This is grim stuff, but it’s not anything new. Many faithful Catholics have been thinking these things for years. What’s startling is to see it in print, and see it written by a member of the hierarchy.

Cardinal George compares this treatment to non-Muslims living under Sharia laws. But unlike Filipino workers living like slaves in Saudi Arabia, we have our own co-religionists to thank for much of the damage done. How many “Catholic” legislators helped to create this situation? How many “Catholic” voters keep electing them? How many priests and bishops refuse to correct or denounce laws and legislators that continue to make Christians second-class citizens in their own country? How many people in the pews only live their faith for an hour a week and then spend the other six days and twenty-three hours being “good Americans?” How many will agree to live under the restrictions the Cardinal described above, or will comfort trump Truth as we enter our own penal times? In another history play, Shakespeare has King Henry V tell a subject that his duty to the state is important, but limited: “every subject’s duty is the king’s; but every subject’s soul is his own.” When it comes to choosing between following laws and saving our souls, which will we choose? This was much on Shakespeare’s mind; he may have watched the great English martyrs such as Edmund Campion and Robert Southwell go to their deaths, traitors in the eyes of the state, but true sons of the Church to Christ.
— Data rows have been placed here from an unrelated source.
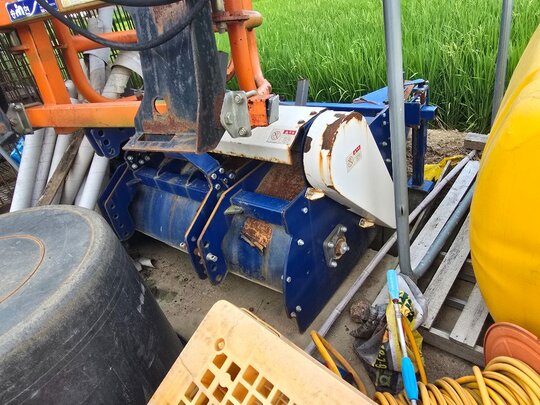  마늘줄기절단기 마늘줄기절단기  앞좌측면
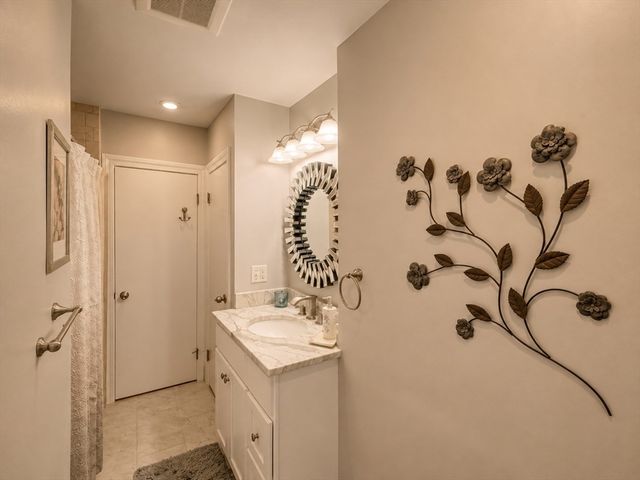 411 Pleasant St, Framingham, MA 01701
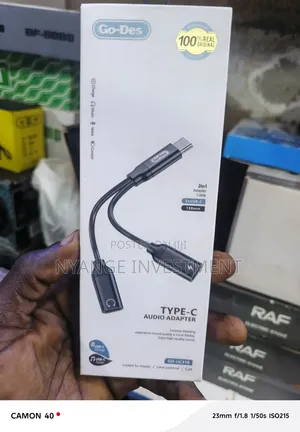 -Des GD-UC318 2-in-1 Type-C Audio and Charging Adapter.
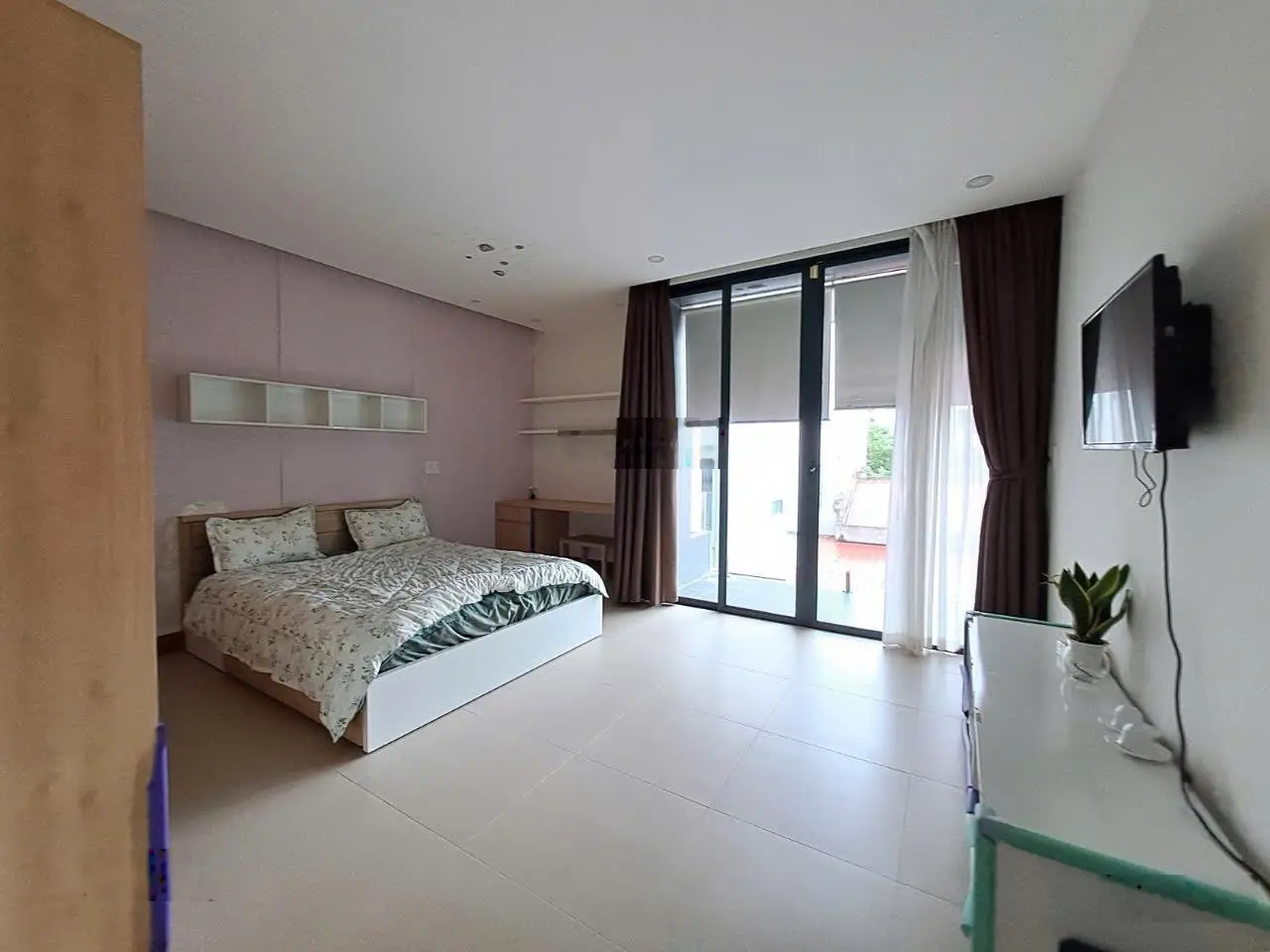 Bán biệt thự vị trí đường Đỗ Thế Chấp, có hồ bơi, gồm 4 tầng nôti và 1 hầm để xe, pháp lí rõ ràng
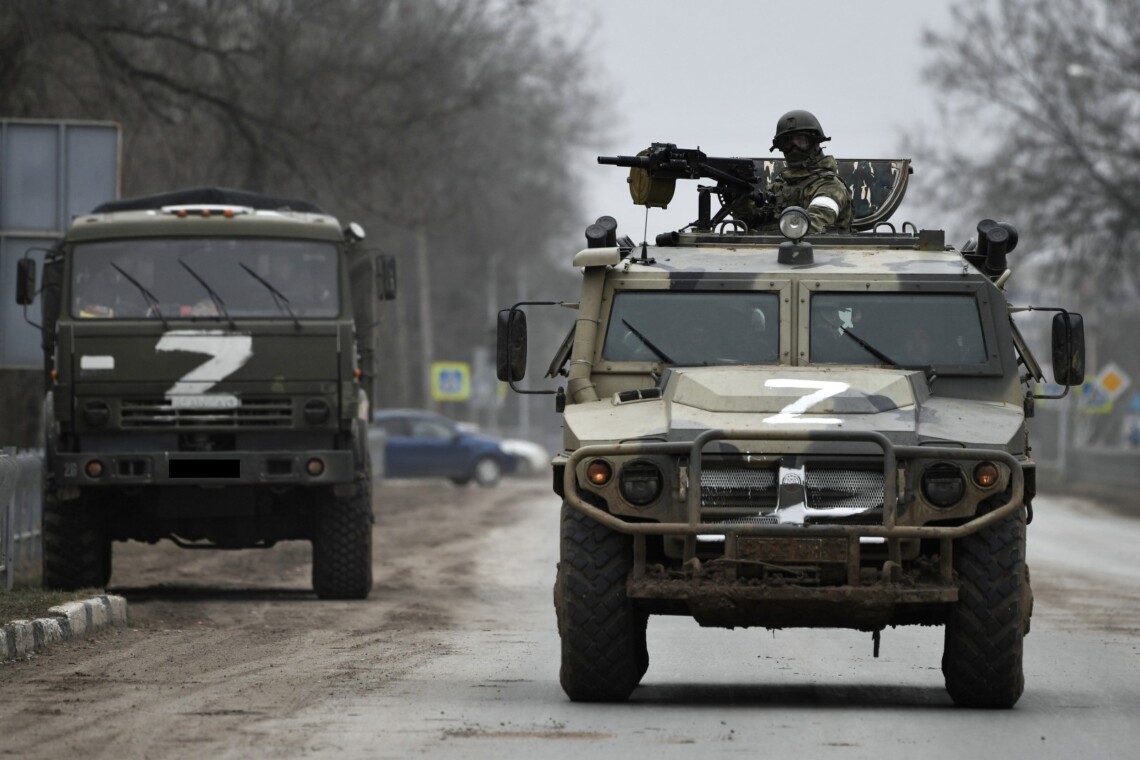 Российская армия потеряла в Украине уже 15,3 тысячи военных, более 500 танков и почти 100 самолетов.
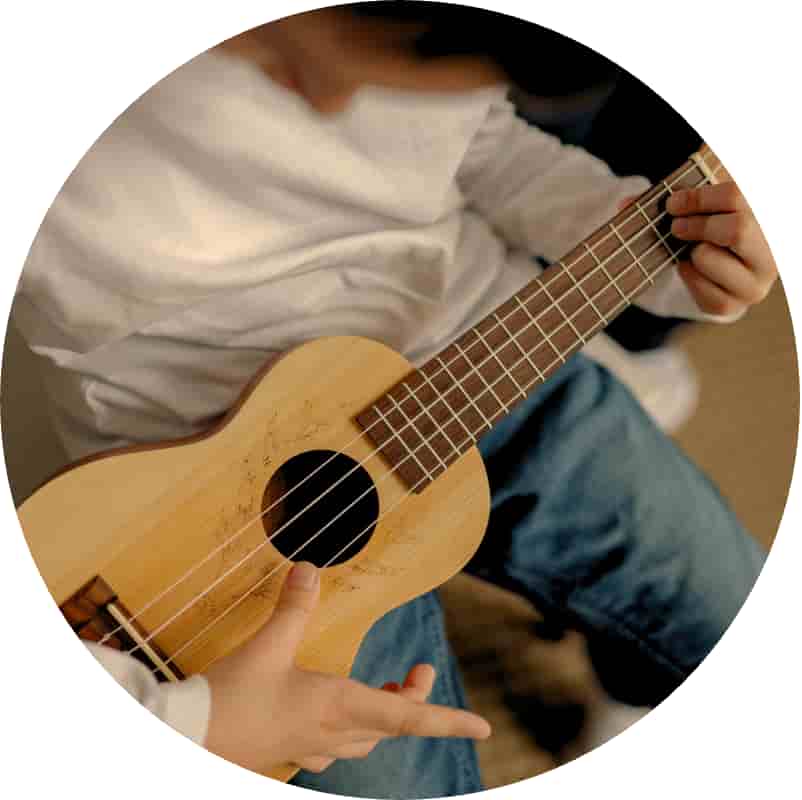 Ukulele lessons tile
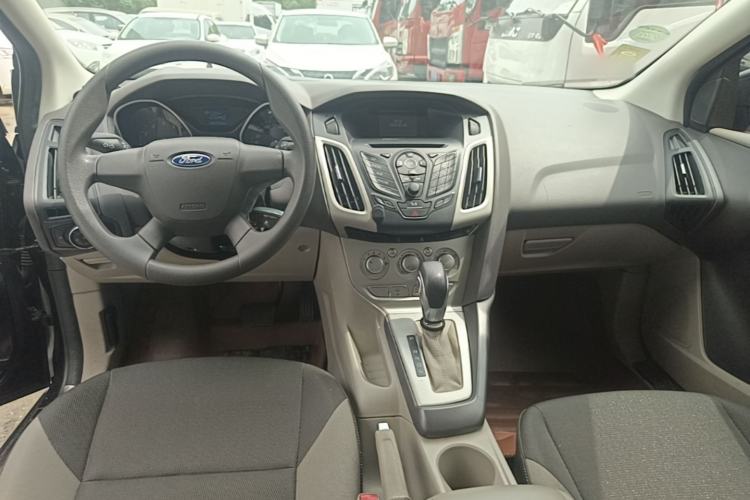 Used Ford Focus 2012 Sedan 1.6L Automatic Comfort Model Center Console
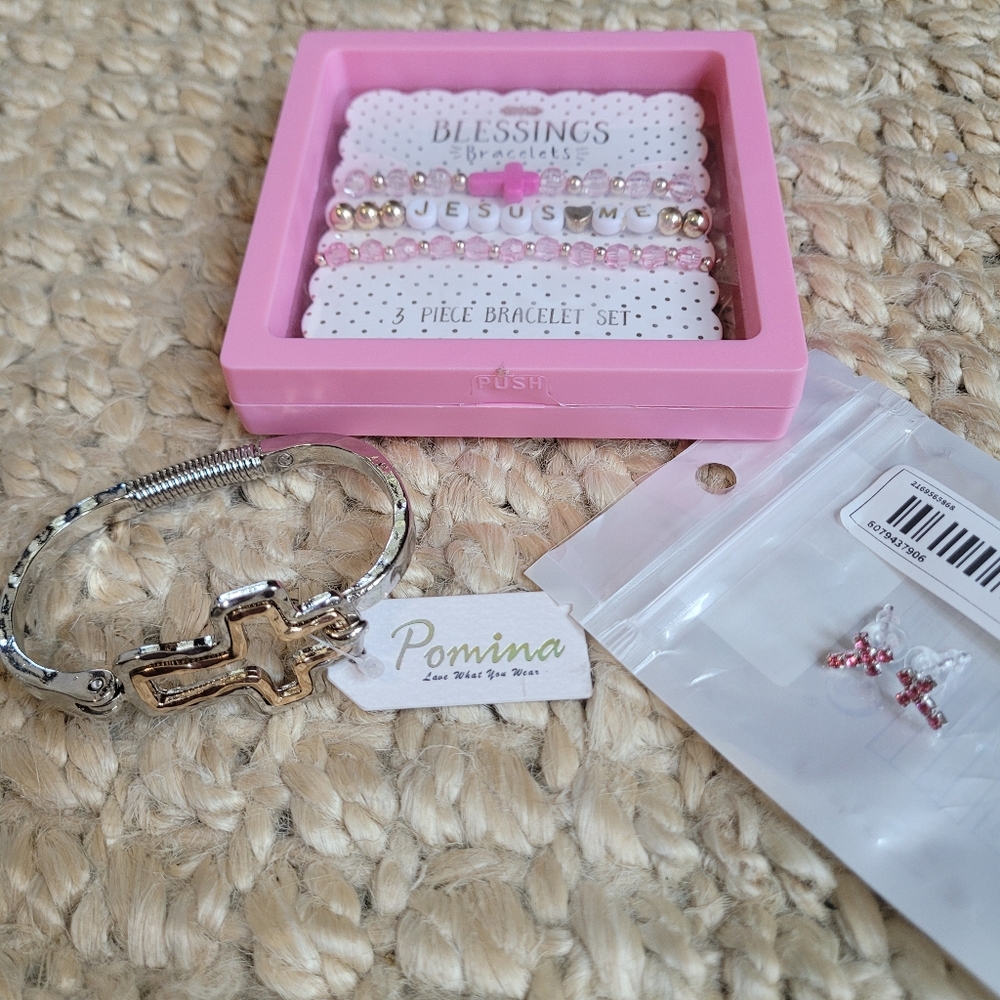 Blessing Bracelets Cross Pink Gold Beaded Jesus Loves Me stretch - Picture 7 of 8
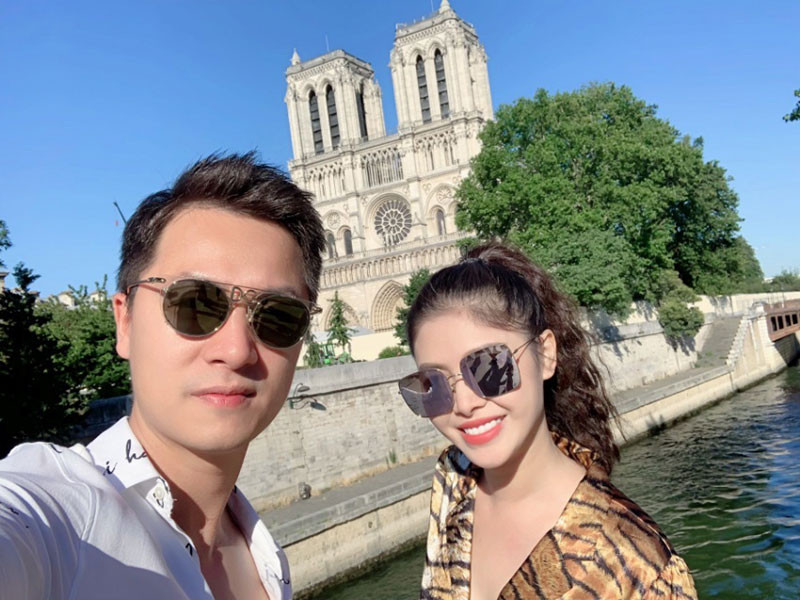 Trước khi lập gia đình, bà xã của Đăng Khôi là một người mẫu ảnh, hot girl đình đám của Hà Nội.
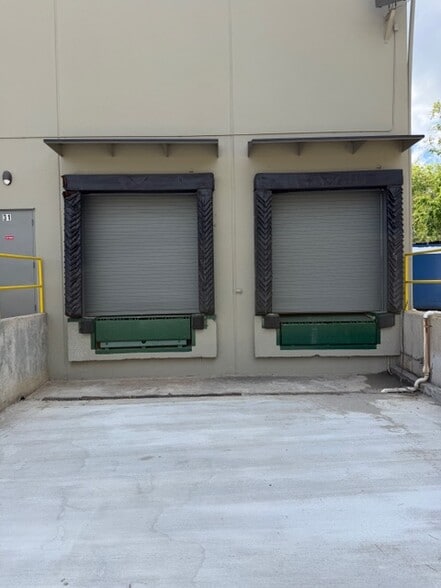 More Photos Of 8102 Blanding Blvd, Jacksonville Storefront For Lease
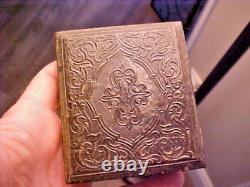 Civil War Tintype Photograph Union Soldier Sargent Uniform, Gloves, etc. 1/6 Sz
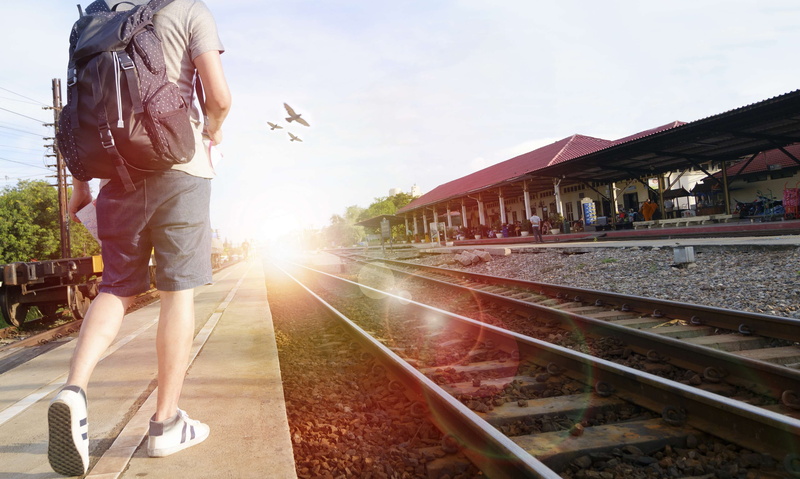 terminal, pack, commuters, transportation, track, rail transportation, rail, daylight, railway, gravel, public transportation, outdoors, people, standing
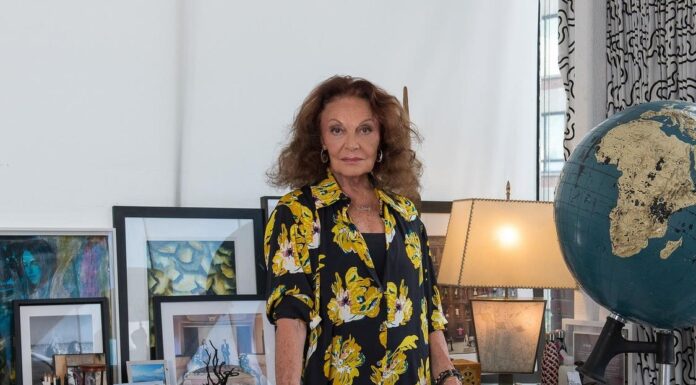 Woman: Before Fashion at the Skirball Cultural Center.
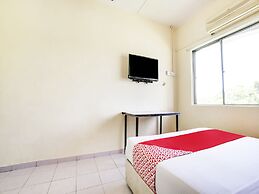 OYO 89615 T Family Hotel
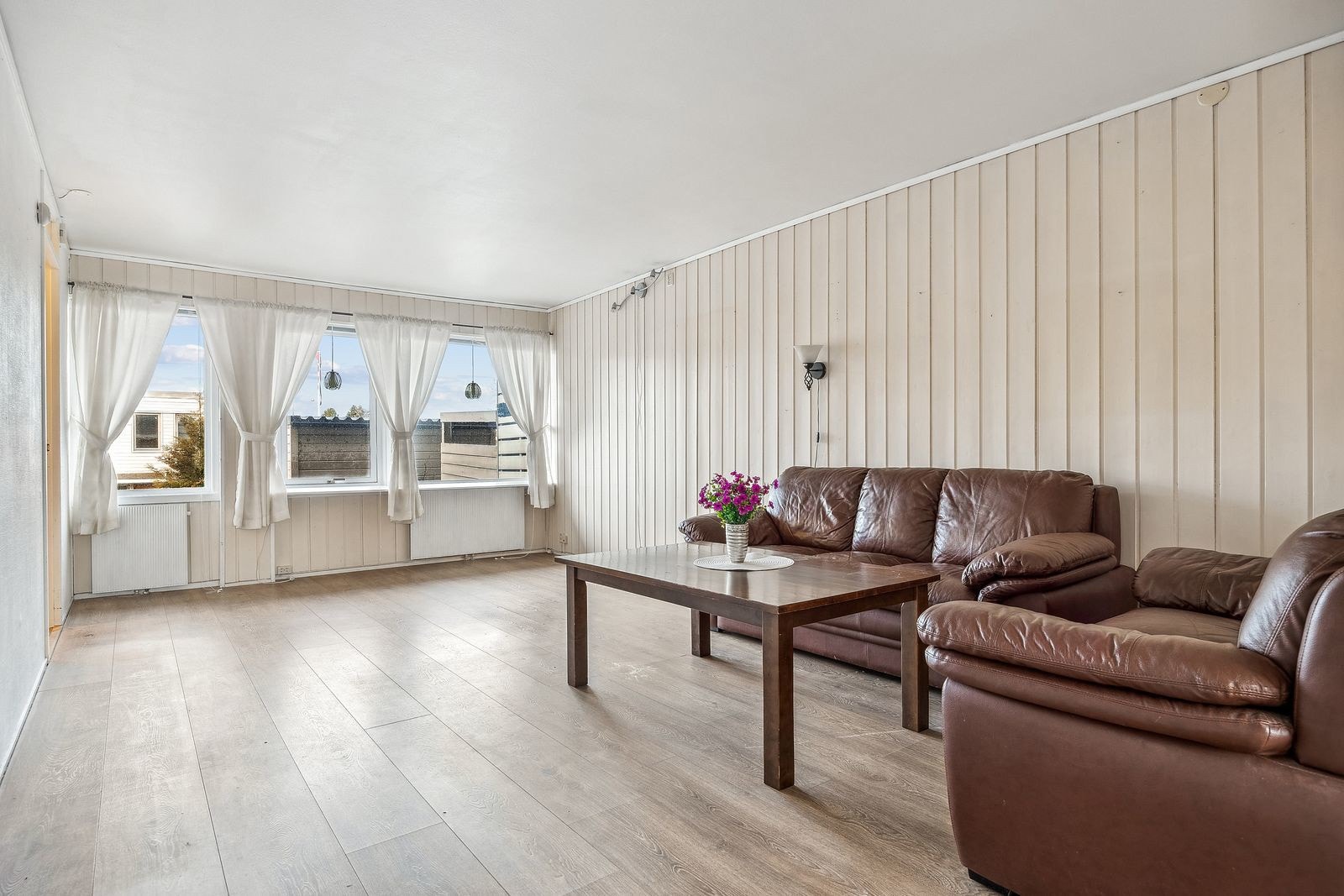 Store vindusflater tilfører rikelig med dagslys til oppholdsrommet. Galleribilde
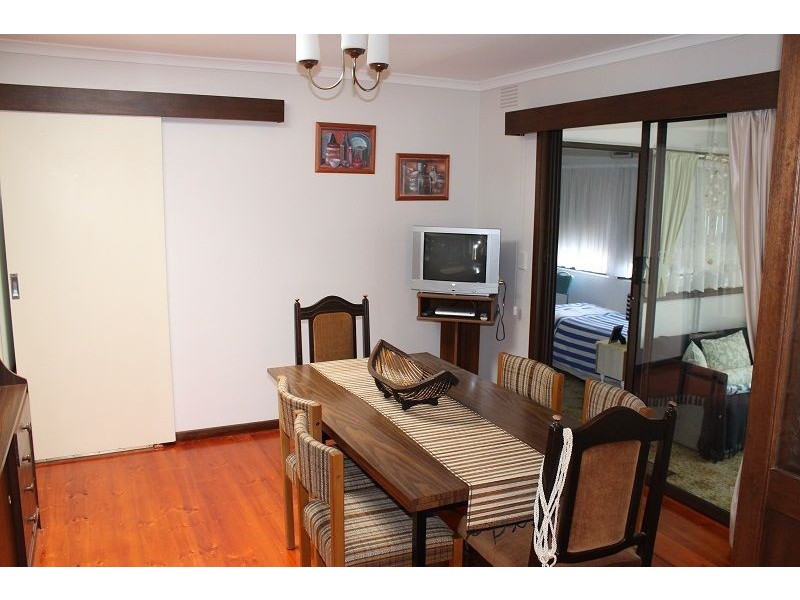 12 Lawrence Street, Cowes VIC 3922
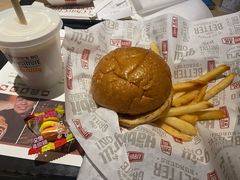 -The Habit Burger Grill 哈比特汉堡(复兴soho店)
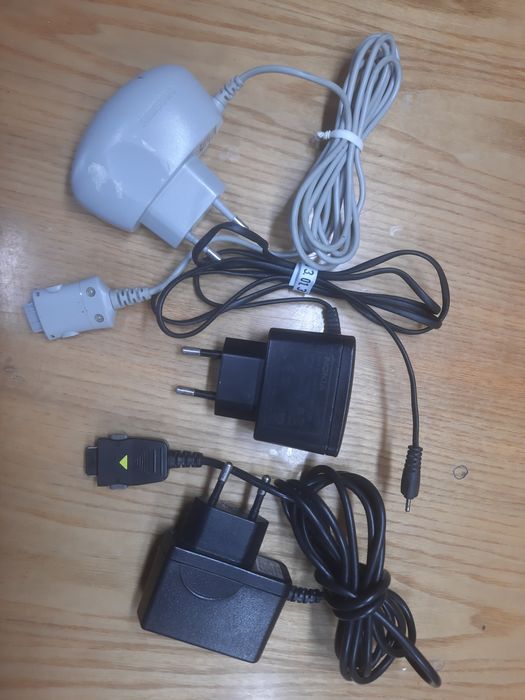 Зарядка до телефону.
In a sermon on St. Thomas More preached in 1948 in London, Monsignor Ronald Knox reminded his listeners of how much they have in common with those great saints of English penal times. “We live, like the men of the sixteenth century, in an age of new horizons; and for us, as for them, the old question still presses, How much can we afford to fall in with the spirit of our times? I say, ‘afford’; I am using commercial language, as our Lord used to. There comes a point at which, in reaching out for earthly prizes, we may lose the heavenly.”

Our politicians constantly ramble on about prosperity and opportunity, but they never tell us how much it costs. Perhaps because they are too ashamed to admit how much their own prosperity and opportunity has cost them. Vice-President Biden recently used the phrase “the gates of hell”; perhaps he knows where that it because he has been offered retirement property there by the local landlord. Following the Cardinal’s lead, it’s time for all of us help to explode the “myth of human progress”. Those new horizons of a better day are a false dawn if they take our eyes off the true light of Christ. Our land of opportunity can only be found in heaven; our prosperity is only found through the Cross.